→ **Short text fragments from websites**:
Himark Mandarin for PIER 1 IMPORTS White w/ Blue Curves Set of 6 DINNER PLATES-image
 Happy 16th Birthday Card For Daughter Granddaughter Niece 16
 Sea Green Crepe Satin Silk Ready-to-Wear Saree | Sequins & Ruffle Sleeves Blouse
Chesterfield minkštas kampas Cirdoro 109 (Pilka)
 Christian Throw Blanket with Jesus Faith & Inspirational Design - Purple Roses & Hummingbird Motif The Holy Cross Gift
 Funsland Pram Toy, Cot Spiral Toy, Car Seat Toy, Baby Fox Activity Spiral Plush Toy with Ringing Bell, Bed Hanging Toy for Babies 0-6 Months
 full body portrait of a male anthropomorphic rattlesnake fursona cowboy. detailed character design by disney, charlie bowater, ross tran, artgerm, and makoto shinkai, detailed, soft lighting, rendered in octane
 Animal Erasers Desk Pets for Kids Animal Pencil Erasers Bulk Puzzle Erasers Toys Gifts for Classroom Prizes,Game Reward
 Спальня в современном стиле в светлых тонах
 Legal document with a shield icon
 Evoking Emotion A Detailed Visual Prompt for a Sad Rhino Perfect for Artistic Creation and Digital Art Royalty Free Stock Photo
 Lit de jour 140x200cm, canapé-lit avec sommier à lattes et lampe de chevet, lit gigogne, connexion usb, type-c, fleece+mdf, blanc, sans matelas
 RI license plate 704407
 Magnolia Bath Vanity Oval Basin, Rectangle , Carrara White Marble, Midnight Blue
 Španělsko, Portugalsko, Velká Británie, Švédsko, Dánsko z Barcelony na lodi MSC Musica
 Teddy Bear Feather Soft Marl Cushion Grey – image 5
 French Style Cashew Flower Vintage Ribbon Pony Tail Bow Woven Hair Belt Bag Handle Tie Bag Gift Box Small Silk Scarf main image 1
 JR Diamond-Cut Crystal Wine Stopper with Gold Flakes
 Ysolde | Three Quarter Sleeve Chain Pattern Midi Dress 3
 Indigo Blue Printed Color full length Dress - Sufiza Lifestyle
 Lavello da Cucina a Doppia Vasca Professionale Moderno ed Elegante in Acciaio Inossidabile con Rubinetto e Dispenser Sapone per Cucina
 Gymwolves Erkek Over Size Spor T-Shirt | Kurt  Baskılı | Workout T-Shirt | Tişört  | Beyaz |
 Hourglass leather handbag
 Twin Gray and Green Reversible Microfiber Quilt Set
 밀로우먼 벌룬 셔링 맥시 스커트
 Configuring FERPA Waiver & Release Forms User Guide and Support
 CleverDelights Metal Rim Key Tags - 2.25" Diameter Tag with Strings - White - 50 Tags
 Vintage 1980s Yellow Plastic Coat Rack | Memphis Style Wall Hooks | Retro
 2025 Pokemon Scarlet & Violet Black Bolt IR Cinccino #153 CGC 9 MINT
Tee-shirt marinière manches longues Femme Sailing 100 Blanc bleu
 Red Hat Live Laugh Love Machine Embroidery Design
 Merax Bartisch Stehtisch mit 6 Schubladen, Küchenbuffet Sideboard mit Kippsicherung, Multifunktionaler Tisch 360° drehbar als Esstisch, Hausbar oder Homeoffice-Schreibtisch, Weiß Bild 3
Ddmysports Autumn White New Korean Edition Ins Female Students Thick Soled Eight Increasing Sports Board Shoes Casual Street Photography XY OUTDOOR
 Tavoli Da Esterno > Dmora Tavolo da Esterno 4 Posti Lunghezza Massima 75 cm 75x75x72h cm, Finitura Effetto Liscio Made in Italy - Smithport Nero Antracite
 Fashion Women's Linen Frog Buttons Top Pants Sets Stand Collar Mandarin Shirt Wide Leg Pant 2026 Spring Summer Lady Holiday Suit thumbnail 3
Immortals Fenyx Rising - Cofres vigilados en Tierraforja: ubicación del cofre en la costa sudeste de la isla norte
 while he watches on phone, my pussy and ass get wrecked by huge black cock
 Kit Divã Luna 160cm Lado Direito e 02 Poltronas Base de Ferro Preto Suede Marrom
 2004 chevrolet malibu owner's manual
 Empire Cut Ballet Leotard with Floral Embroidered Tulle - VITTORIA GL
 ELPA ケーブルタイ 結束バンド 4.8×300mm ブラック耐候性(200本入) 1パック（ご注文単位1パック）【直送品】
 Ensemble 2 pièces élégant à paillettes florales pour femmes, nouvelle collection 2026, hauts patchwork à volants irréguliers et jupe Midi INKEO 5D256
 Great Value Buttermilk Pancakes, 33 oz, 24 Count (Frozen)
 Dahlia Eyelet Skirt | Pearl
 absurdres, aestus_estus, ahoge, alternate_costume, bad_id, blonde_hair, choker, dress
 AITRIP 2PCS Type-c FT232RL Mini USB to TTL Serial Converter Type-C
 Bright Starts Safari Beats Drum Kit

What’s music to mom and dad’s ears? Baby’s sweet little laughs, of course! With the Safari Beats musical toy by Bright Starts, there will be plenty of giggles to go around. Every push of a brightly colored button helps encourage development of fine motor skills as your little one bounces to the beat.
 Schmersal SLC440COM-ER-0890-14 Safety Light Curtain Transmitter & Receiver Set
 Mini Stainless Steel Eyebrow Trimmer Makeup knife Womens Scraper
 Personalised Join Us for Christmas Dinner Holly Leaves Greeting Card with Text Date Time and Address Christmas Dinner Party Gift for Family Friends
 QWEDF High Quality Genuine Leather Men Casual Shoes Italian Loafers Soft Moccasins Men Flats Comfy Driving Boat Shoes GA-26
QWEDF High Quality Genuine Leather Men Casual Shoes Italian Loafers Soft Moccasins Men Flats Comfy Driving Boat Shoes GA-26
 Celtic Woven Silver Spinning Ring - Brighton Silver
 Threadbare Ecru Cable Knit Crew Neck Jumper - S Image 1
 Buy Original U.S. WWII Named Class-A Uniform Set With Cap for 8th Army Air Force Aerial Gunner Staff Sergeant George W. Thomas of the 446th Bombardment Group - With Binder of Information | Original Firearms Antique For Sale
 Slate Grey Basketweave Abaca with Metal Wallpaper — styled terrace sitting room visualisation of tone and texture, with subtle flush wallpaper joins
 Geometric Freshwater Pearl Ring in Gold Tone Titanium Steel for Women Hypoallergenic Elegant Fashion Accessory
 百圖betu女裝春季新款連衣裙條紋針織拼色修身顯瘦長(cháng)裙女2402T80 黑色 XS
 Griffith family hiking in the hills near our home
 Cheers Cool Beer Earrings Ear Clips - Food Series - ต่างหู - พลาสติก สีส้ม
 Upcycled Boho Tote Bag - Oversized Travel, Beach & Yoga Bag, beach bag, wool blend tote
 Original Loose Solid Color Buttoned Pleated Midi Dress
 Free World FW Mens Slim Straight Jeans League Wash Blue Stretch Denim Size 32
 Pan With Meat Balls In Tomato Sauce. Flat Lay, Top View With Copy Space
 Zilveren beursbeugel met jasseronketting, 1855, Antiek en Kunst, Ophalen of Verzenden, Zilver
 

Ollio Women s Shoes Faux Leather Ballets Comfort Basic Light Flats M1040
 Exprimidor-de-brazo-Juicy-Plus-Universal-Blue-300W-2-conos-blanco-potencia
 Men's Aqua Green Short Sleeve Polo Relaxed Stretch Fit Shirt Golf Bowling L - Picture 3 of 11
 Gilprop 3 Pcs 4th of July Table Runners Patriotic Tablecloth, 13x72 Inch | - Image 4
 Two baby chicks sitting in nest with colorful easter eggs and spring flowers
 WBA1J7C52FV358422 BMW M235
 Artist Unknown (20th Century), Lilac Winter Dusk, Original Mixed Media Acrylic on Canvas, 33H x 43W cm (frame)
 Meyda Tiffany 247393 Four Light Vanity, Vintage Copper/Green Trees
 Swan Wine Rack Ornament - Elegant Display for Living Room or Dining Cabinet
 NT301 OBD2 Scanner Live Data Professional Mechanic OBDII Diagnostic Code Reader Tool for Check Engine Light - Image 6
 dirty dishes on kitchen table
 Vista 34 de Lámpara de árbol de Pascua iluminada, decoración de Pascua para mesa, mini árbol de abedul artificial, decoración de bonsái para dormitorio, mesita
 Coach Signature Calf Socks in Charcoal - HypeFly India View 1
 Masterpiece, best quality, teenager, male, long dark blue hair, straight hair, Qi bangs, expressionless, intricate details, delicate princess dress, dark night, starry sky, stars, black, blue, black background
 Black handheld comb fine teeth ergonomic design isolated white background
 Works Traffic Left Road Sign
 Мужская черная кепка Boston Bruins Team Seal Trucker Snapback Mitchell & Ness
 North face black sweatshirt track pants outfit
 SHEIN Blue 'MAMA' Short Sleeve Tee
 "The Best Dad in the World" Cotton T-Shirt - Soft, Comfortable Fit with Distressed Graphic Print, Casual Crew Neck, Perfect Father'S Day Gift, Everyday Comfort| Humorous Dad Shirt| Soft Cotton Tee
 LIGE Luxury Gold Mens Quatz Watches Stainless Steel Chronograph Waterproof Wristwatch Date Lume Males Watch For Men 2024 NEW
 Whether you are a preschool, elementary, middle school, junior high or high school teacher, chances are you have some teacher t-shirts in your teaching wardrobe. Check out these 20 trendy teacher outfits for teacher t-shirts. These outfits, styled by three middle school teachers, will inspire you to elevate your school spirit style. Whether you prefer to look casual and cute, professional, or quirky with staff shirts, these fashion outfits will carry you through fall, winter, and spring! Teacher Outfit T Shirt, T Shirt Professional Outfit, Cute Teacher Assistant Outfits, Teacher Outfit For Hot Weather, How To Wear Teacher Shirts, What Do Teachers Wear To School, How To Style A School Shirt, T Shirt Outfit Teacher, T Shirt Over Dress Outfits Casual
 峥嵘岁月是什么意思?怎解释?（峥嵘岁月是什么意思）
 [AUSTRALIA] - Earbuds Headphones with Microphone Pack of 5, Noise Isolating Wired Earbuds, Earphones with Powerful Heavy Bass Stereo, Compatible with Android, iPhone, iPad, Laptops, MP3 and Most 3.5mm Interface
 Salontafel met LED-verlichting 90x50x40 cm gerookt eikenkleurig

→ **Problem requirements**: The answer must be a verbatim transcription of the entries above, from the first line through the line that contains "Funsland Pram Toy, Cot", and nothing more.

→ **Exercise response**:
Himark Mandarin for PIER 1 IMPORTS White w/ Blue Curves Set of 6 DINNER PLATES-image
 Happy 16th Birthday Card For Daughter Granddaughter Niece 16
 Sea Green Crepe Satin Silk Ready-to-Wear Saree | Sequins & Ruffle Sleeves Blouse
Chesterfield minkštas kampas Cirdoro 109 (Pilka)
 Christian Throw Blanket with Jesus Faith & Inspirational Design - Purple Roses & Hummingbird Motif The Holy Cross Gift
 Funsland Pram Toy, Cot Spiral Toy, Car Seat Toy, Baby Fox Activity Spiral Plush Toy with Ringing Bell, Bed Hanging Toy for Babies 0-6 Months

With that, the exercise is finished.